[Work to complete]
The reply needs the lines from the one containing "Hyundai Tucson 2012 thumb 6" through the end of the material, each repeated exactly, and no pictures.

[Task inputs]
=== Begin Enclosure ===
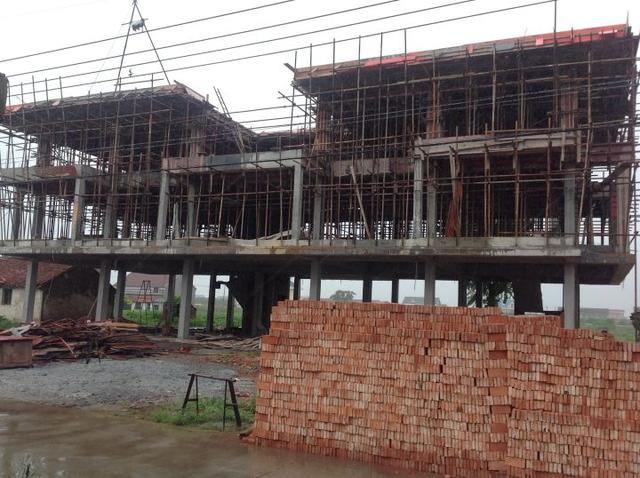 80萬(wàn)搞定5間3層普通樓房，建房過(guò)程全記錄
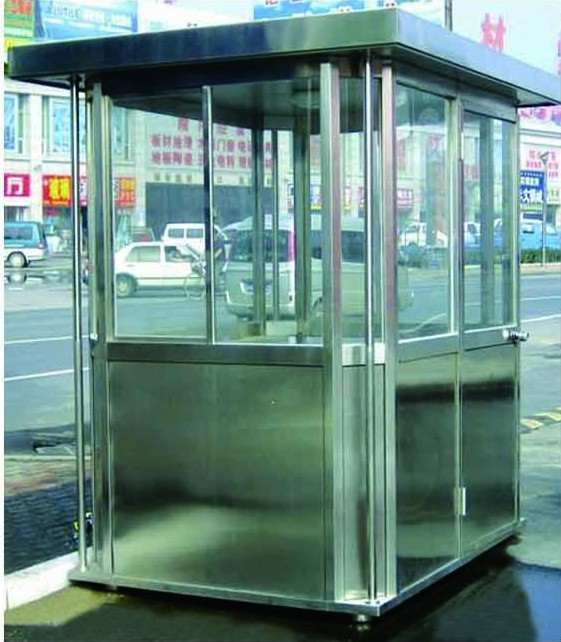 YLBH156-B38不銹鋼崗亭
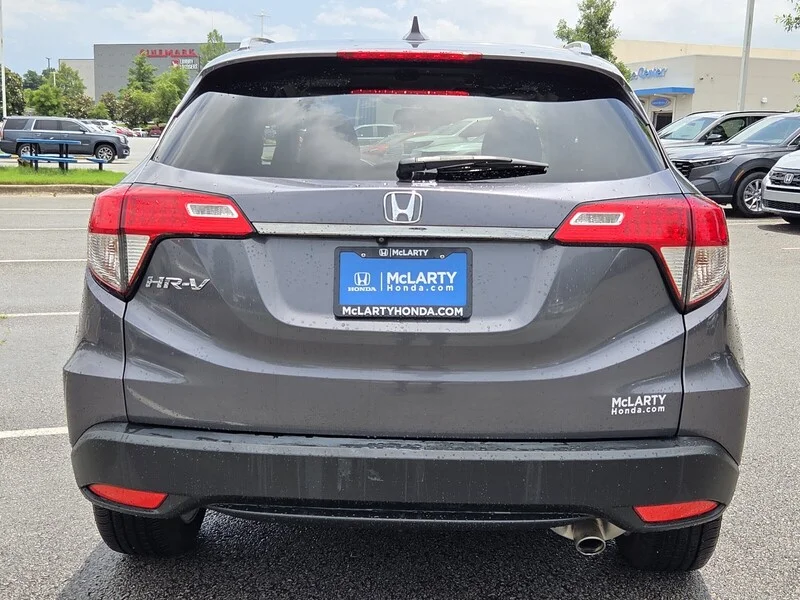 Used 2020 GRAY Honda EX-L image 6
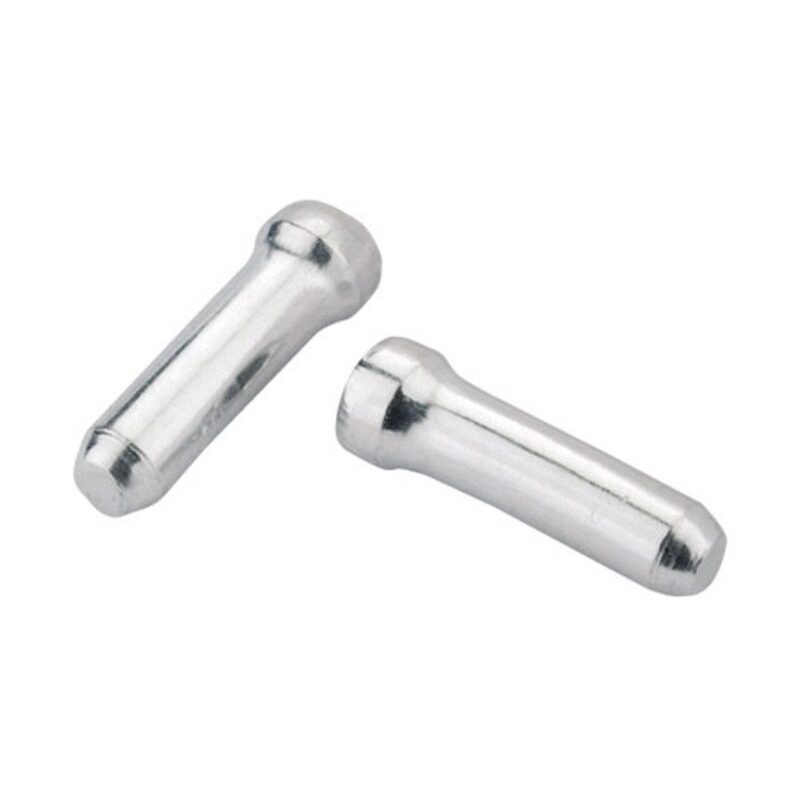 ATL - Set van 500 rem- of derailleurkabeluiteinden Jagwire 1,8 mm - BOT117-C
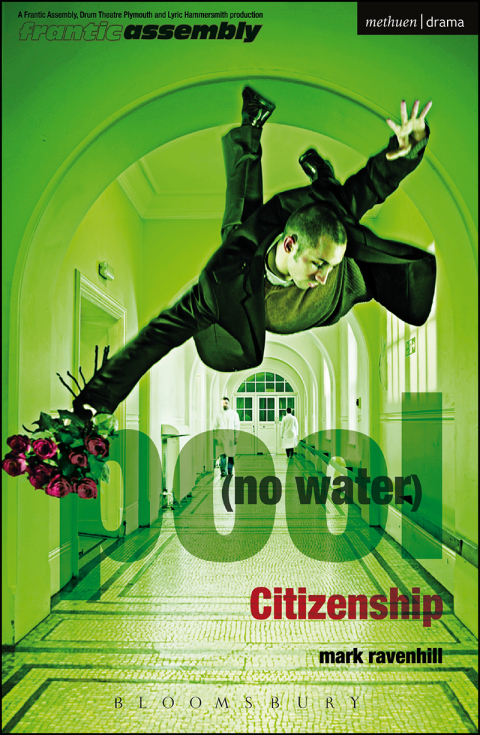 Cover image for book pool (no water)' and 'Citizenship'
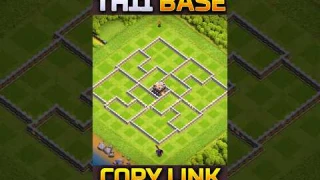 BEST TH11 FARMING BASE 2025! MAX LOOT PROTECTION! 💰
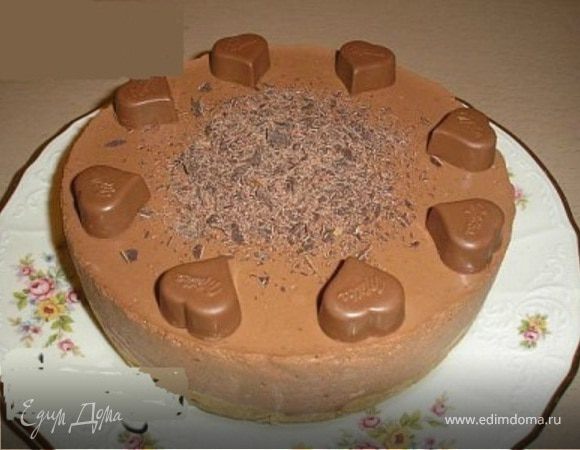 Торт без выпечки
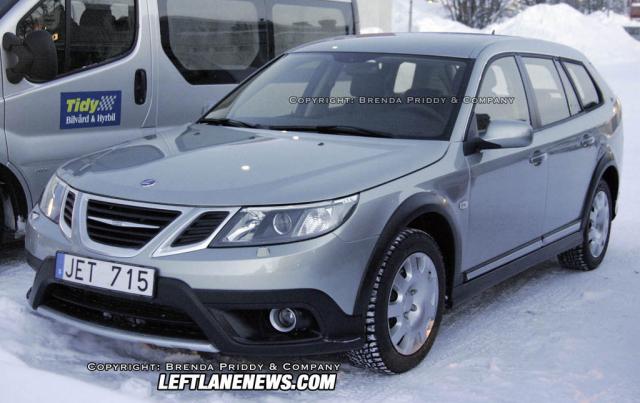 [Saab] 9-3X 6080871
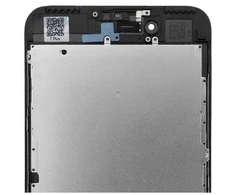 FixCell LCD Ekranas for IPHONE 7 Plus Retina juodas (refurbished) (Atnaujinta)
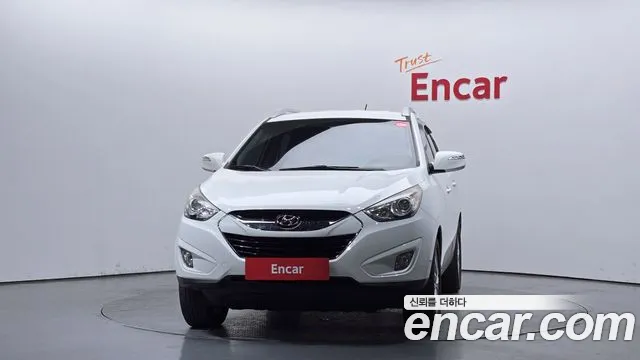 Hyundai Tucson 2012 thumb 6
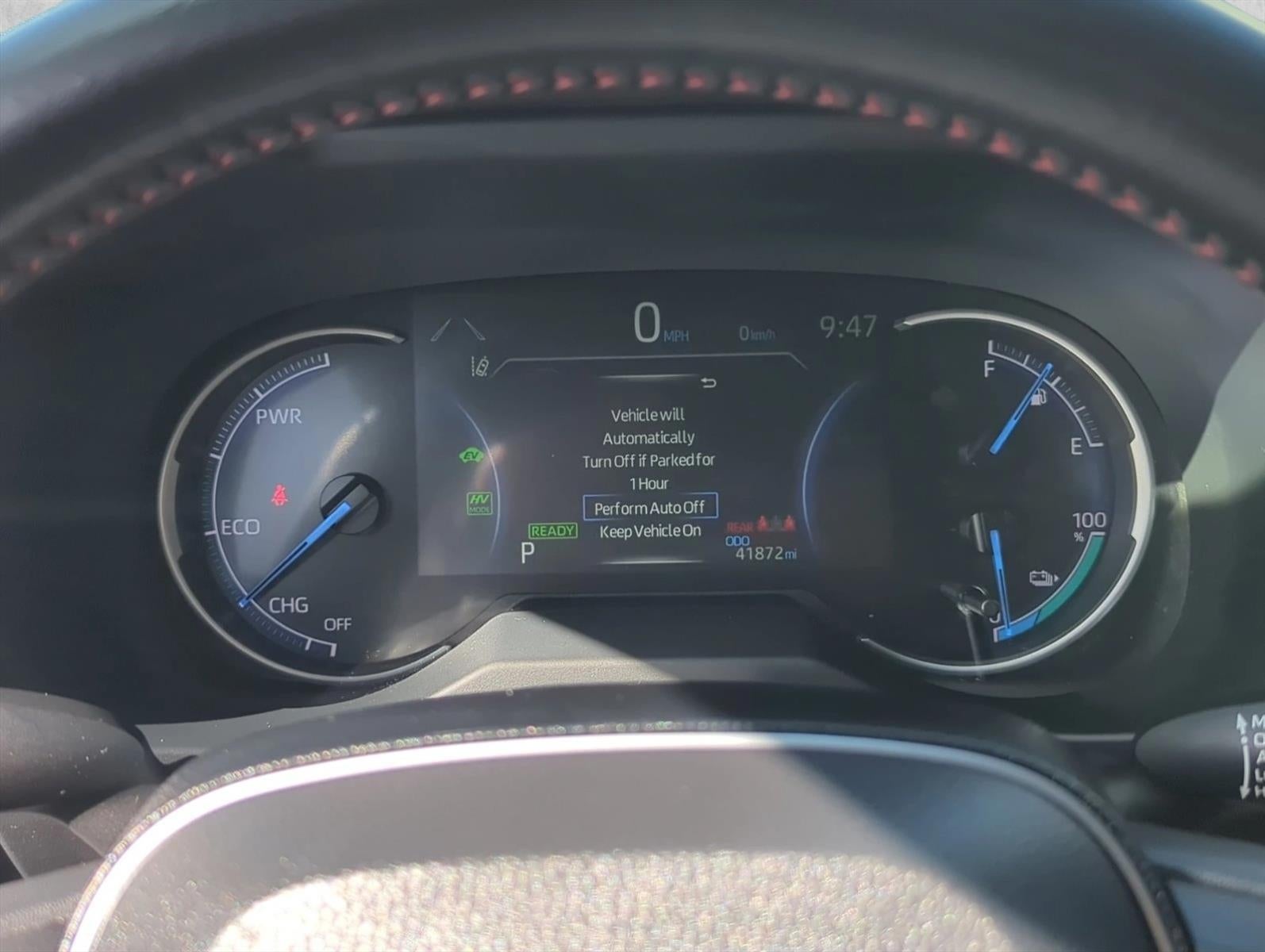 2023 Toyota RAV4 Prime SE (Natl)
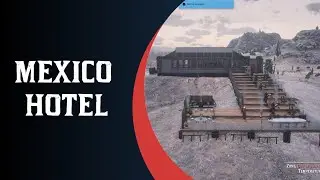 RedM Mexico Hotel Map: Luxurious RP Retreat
=== End Enclosure ===
[Exercise solution]
 Hyundai Tucson 2012 thumb 6
 2023 Toyota RAV4 Prime SE (Natl)
 RedM Mexico Hotel Map: Luxurious RP Retreat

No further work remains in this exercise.